# Sensor-Prediction
***
This project is about detecting the sensor readings in real-time. The data set selected for the project is the sulphur hexaflouride gas readings after dissemination in to the wind. The following is the description about the dataset

# Dataset

## Introduction
***
- In the Joint Urban 2003 field study, SF6 tracer gas was released during the 10 Intensive Observation Periods(IOPs). 
- Each IOP included two or three continuous 30-min releases and 3-6 instantaneous puff releases.
- For the field study as a whole there were 29 continuous releases (17 daytime and 12 nocturnal) and 40 puff releases (25 daytime and 15 nocturnal). 
- All of the releases were from the built up downtown urban area.

> As this project deals with the real-time sensor readings prediction, the 29 continuous releases are the area of the interest.

> But the given data has the puff releases.

- Also took real time, fast-response tracer measurements using 10 TGAs mounted in vans, all but one at a fixed location for the duration of any given release period. 
- One TGA was driven back and forth continuously to obtain a cross-section of the plume.
- Additional fast-response sampling was done using Miran samplers in proximity to the release.

> The 10 TGA's tracer measurements are the fast-response, which are equivalent to sensors. Hence, these readings are used to build the model


## 3D Sonic

- Each sub-directory contains meteorological measurement data from one of the project collaborators.

## Fast Response SF6

- This directory contains two sub-directories, LLNL Miran and TGA.
- The TGA measurements were made using elctron capture detection at levels from as low as about 20 ppt to about 25,000 ppt. 
- The TGA directory contains the majority of the SF6 fast-response measurements.
- A separate Readme in the TGA directory describes the content of the files.

> TGA directory has the readings of the tracer, which are used to build the model

## Other directories

### Profile Data

- This directory contains meteorological profile measurements from various sources including ANL, FRD, and PNNL minisodars (wind speed and direction), PNNL RASS (temperature), PNNL radar wind profiler (wind speed and direction), and PNNL rawindsonde. 
- Each measurement has its own sub-directory and corresponding Readme.

###  PWID&Hobo&PNNLmet

- This directory contains wind speed, wind direction, temperature, RH, pressure, and solar radiation measurements at sites in thefield study area. 
- Separate Readme files are available for each sub-directory.

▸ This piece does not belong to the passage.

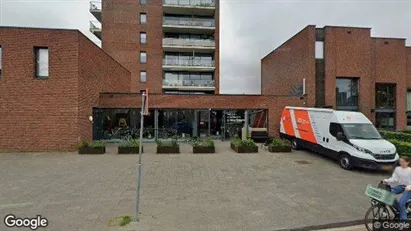 Företagslokaler för uthyrning i Apeldoorn – Foto från Google Street View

> These other directories has some factors, that we might might need to account in building the model. Try to include this factors after building a model

## TGA

### TGA analyzer

- The TGA-4000 real-time SF6 analyzer is a fast response instrument (response time less than 1 sec) designed specifically to measure the concentration of SF6 in ambient air.
- The detection limit of the ECD is about 5 parts per trillion volume (pptv) under optimum laboratory conditions.   The maximum concentration is about 10,000 pptv, but can be doubled with the aid of a dilution system. 
- The operator log books and concentration plots were carefully reviewed for any anomalies that required the QC flags to be set.

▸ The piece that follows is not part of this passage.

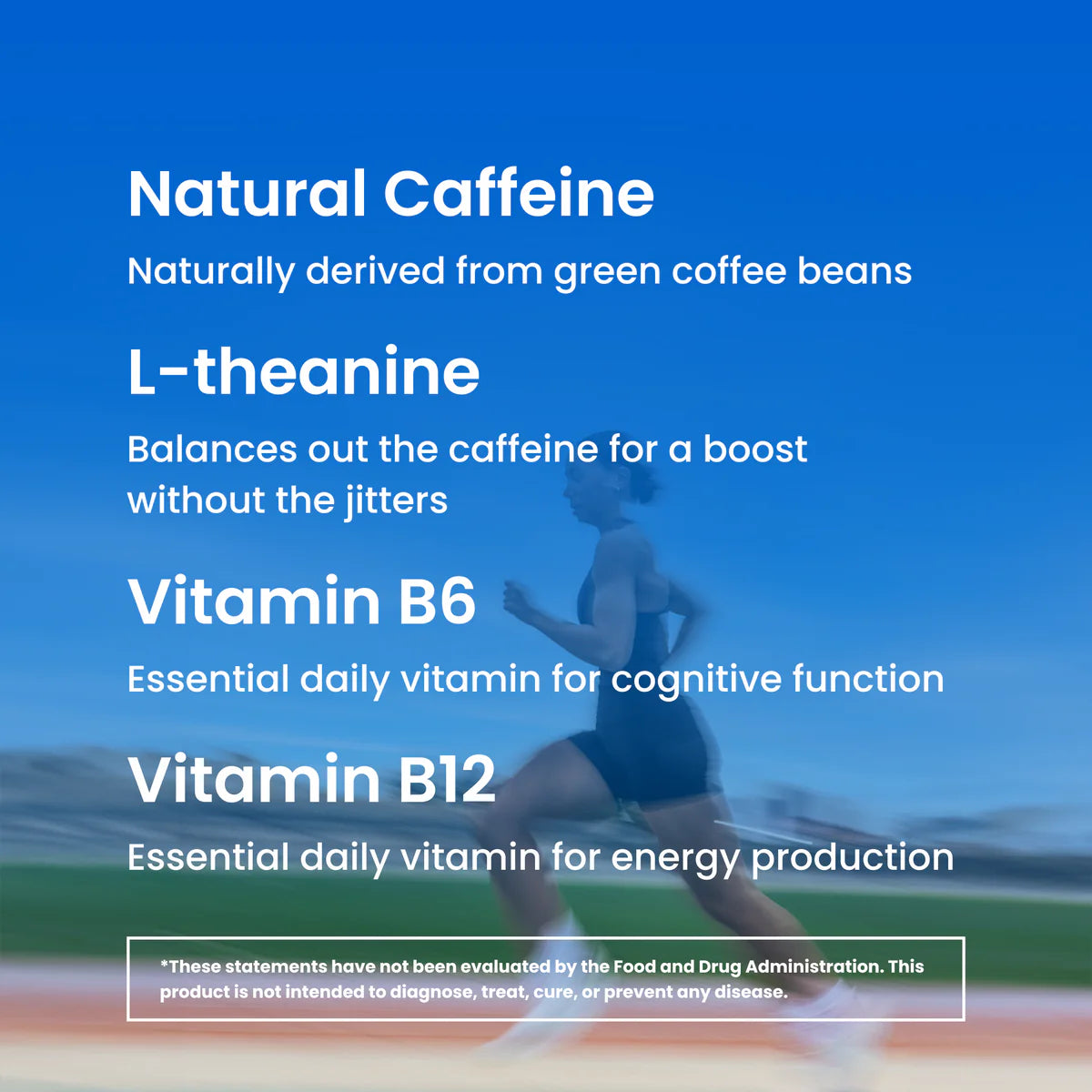 Neuro Gum Energy and Focus Extra Strength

> These flags can be used to detect the anomalies

### QC Flags

- Some important information about flags is:

    - The operator log books and concentration plots were carefully reviewed for any anomalies that required the QC flags to be set.  
    - The review looked specifically for instrument over range, dilution system usage that was not detected, starting or stopping of the dilution system during a peak and van movements during a peak.  
    - Any other problems were also noted.  From this review, a list of flags that needed to be set was generated and entered into the computer.  
    - These were combined with the data during the generation of final data files so that users would be aware of any questionable data.  
    - The flag values are defined as:

Value | Description
----- | -----------
0 |   good data.
1 |   concentration less than LOQ but greater than LOD; treat as an estimate.  (See note on dilution system below.) 
2 |   concentration less than LOD; not statistically different than 0; treat as 0 or null value.  (See note on dilution system below.)
3 |   concentration is greater than 115% of the highest calibration; treat as an estimate.
4 |   instrument over ranged its output; concentration is unusable.
5 |   null values.  Analyzer was in position and operating correctly and no SF6 was found.  Treating these concentrations as 0 is appropriate.
6 |   analyzer was not in use. No data available.  Do NOT treat these as 0.  Flag 6 indicates a human decision to not operate.  For example: leave and do calibrations, move to a new place, we don't need you this test, etc.
7 |   analyzer was broken.  No data available.  Do NOT treat these as 0 values.  Concentrations are unknown.
8 |   analyzer was operating, but was experiencing problems. Treat all concentrations as estimates.
9 |   concentrations are unusable because of instrument problems, but are included for qualitative indications only.  In this case, the instrument was operating and collected data, but problems discovered later made it impossible to have any confidence at all in the  concentrations.  Since the data was available it was  included and may be useful for some purposes such as  determining arrival times, etc.  Calculations should  not be done with these concentrations.
10 |   concentrations unusable because of external problems. For example: fugitive sources, noise caused by trucks passing, etc.
11 |  concentrations are estimates because of external problems. This flag indicates that something external to the analyzer had a small effect on the data, making it less certain but not totally unreliable.  For example: a passing truck  creating a small amount of noise during a high concentration peak.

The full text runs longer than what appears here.